Nós, que nos ufanamos de ser do género «observador», gente perspicaz a quem nada falha, meticulosos sugadoiros do mundo em todos os seus aspectos, temos um pouco a noção (ou a mania) de que nunca somos observados: estamos do outro lado, como se fossemos de cristal; a nossa condição de pessoas que tudo vêem torna-nos, de certo modo, invisíveis.
Gosto de observar. Como aspirante a romancista (eterno e eternamente impublicado aspirante a romancista) tomo nota mental dos gestos e dos actos dos outros, sento-me numa mesa de café, meio encoberto por um jornal, oiço as conversas que me não dizem respeito, atento nas discussões, imagino histórias com que visto as pessoas que me passam ao lado, tornando-as personagens de futuros romances.
Observo, no comboio, os meninos prepotentes que fazem o que querem dos avós impotentes e indefesos: «Quero ir à janela! Com a janela aberta!», «Não, Quinzinho, não, não, é muito perigoso, olha lá, e se passa um comboio em sentido contrário...?», «Mas eu quero, eu quero, eu quero!!!», «Pronto, vá lá, só um bocadinho...»
Sei histórias dos carteiros, da porteira, da mulher-a-dias, do senhor que vende jornais no quiosque, dos vizinhos, dos bombeiros. De tentativas de suicídio ou de murros imprevistos, de cenas de ciúme e ódio; assisti por um triz à zanga da Elsa Raposo, à sua saída da casa do ex-namorado, cheia de malas, provocando um ajuntamento.
Tenho, na minha varanda, um posto privilegiado. Ao mínimo ruído de altercação, à noite, ao mínimo sinal de briga entre bêbedos, ao travar de uma ambulância que vem buscar alguém ao prédio da frente, assomo logo ao meu posto, seguro da minha invisibilidade, a coberto da escuridão.
Uma destas noites, precisamente, assomei atraído pelos gritos de uma velha prostituta que batia desapiedadamente num velho; partiu-lhe os óculos, partia-o todo, aos gritos de «Posso ser puta, mas pelo menos não sou tua mãe, que era pior!»
Na manhã seguinte, quando, por acaso, me cruzei com a mulher - eu a entrar para um café de onde ela saía -, rosnou-me, com uma agressividade que nunca lhe vira.
E já ela ia a dobrar a esquina, ainda lhe ouvi, obviamente para mim:
«E tu vais espreitar a tua prima lá da tua varanda, ó cabrão!»

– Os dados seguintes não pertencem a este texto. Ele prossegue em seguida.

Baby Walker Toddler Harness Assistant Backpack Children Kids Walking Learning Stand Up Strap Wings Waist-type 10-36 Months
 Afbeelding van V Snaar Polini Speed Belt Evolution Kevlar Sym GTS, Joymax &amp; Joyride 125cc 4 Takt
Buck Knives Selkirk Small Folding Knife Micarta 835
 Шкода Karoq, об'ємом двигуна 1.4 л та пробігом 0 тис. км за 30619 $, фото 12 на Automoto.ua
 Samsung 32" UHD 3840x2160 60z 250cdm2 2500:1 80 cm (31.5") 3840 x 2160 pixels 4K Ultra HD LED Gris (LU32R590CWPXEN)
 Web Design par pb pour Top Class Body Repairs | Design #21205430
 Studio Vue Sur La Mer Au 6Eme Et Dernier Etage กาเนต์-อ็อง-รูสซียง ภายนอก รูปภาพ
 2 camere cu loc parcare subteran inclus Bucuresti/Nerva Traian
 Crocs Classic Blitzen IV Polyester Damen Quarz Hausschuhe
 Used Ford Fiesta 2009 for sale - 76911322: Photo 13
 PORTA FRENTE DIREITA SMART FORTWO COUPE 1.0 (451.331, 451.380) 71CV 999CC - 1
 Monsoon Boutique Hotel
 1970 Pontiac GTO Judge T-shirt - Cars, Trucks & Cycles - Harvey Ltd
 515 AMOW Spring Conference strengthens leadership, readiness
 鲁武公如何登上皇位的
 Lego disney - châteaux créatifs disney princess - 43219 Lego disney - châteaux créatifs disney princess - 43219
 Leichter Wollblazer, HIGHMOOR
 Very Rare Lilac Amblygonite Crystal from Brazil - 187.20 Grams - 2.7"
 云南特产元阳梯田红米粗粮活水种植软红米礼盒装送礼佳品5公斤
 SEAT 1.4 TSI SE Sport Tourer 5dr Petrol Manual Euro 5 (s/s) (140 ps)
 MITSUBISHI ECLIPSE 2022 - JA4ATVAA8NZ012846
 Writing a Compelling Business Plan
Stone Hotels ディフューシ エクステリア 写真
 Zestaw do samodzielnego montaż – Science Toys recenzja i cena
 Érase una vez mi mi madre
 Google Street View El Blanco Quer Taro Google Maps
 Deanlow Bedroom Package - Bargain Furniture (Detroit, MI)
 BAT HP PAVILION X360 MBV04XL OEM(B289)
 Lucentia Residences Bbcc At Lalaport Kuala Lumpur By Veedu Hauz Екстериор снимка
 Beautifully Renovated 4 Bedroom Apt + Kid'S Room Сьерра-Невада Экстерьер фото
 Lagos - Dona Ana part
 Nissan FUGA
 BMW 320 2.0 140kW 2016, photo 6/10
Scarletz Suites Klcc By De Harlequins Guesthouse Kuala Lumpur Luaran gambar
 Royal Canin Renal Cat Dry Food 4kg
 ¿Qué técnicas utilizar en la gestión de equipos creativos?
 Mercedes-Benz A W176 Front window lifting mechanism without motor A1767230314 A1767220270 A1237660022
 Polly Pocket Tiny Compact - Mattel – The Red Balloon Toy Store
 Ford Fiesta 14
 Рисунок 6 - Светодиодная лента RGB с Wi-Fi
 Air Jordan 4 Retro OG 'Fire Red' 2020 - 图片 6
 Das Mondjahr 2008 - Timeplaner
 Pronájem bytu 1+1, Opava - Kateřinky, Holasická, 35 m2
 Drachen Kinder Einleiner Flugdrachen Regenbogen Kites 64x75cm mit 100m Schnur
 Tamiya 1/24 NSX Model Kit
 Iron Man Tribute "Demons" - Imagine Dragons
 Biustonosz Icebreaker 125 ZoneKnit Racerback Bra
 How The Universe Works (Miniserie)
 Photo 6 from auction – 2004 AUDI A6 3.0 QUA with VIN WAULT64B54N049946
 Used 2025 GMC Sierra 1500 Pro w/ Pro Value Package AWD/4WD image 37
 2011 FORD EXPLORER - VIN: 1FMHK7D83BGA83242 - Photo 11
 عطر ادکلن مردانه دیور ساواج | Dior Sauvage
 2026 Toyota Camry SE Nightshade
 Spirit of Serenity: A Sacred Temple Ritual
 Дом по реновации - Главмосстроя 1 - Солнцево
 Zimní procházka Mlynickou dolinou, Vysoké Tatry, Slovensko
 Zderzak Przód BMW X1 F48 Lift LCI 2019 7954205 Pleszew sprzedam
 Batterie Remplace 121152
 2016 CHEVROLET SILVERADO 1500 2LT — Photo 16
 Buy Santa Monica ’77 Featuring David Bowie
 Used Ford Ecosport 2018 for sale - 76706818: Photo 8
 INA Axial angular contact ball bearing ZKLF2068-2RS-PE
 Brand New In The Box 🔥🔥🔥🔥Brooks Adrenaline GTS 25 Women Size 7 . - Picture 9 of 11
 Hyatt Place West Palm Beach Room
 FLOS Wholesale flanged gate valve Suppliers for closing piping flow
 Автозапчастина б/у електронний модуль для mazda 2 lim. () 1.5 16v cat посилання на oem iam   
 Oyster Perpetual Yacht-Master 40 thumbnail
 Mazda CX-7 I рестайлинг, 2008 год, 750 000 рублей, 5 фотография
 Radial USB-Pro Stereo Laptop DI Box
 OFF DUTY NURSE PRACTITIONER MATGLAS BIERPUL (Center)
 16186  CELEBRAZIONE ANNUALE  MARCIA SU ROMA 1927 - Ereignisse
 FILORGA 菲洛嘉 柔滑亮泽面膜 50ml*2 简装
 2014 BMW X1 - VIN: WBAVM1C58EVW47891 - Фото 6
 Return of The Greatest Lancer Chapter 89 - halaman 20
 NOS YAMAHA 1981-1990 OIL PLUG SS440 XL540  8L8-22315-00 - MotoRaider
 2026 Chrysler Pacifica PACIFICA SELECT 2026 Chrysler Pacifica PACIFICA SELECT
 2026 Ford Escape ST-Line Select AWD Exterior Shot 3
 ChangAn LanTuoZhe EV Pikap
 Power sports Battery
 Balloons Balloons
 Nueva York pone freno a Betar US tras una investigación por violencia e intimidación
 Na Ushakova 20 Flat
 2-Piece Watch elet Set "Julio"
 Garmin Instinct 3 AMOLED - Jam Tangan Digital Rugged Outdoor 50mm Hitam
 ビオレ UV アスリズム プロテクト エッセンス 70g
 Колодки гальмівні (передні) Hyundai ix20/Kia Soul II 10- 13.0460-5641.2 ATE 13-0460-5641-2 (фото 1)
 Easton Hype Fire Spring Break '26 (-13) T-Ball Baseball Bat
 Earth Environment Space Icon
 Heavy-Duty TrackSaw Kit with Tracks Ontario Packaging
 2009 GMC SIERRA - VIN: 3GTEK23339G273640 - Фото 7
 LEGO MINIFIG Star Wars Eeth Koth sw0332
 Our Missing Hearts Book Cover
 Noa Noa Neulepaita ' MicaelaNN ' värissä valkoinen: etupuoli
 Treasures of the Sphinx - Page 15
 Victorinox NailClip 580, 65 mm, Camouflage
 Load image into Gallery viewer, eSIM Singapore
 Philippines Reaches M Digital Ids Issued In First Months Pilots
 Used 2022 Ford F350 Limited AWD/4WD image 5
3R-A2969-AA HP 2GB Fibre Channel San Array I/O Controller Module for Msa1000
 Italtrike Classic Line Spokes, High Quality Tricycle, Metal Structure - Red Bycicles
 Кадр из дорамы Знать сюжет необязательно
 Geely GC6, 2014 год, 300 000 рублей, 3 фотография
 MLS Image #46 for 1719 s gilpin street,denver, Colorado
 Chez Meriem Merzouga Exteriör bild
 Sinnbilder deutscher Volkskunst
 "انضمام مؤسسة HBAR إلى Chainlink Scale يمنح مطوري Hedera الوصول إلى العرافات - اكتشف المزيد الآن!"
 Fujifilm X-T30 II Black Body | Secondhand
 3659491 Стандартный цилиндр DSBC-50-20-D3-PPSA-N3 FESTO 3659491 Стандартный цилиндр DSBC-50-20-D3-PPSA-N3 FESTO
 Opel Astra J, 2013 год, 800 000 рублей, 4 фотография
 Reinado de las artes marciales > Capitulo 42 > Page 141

Nunca me tinha falado antes. Fala-me, agora, sempre: e sempre com os mesmos modos desabridos, de quem me odeia, de quem me não perdoa o que eu vi nessa noite. Ela é que não perdoa o que eu vi, percebem? Porque ela sabe que a vi. Ela viu que eu vira tudo...
Foi, também, o fim de um mito: o do homem de cristal - o do observador invisível.